- Date: 10–15 September
- Edition: 1
- Category: Tier IV
- Draw: 32S / 16D
- Prize money: $160,000
- Surface: Clay / outdoor
- Location: Karlovy Vary, Czech Republic

Champions

Singles
- Ruxandra Dragomir

Doubles
- Karina Habšudová / Helena Suková
- 1996 Pupp Czech Open

= 1996 Pupp Czech Open =

The 1996 Pupp Czech Open, also known as the WTA Karlovy Vary, was a women's tennis tournament played on outdoor clay courts in Karlovy Vary in the Czech Republic that was part of Tier IV of the 1996 WTA Tour.

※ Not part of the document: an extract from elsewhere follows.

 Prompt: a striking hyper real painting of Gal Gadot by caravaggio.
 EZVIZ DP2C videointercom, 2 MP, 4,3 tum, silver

It was the only edition of the tournament and was held from 10 September until 15 September 1996. Fifth-seeded Ruxandra Dragomir won the singles title.

==Finals==
===Singles===

ROM Ruxandra Dragomir defeated SUI Patty Schnyder 6–2, 3–6, 6–4
- It was Dragomir's 2nd title of the year and the 4th of her career.

===Doubles===

SVK Karina Habšudová / CZE Helena Suková defeated CZE Eva Martincová / BUL Elena Pampoulova 3–6, 6–3, 6–2
- It was Habšudová's only title of the year and the 1st of her career. It was Suková's 3rd title of the year and the 75th of her career.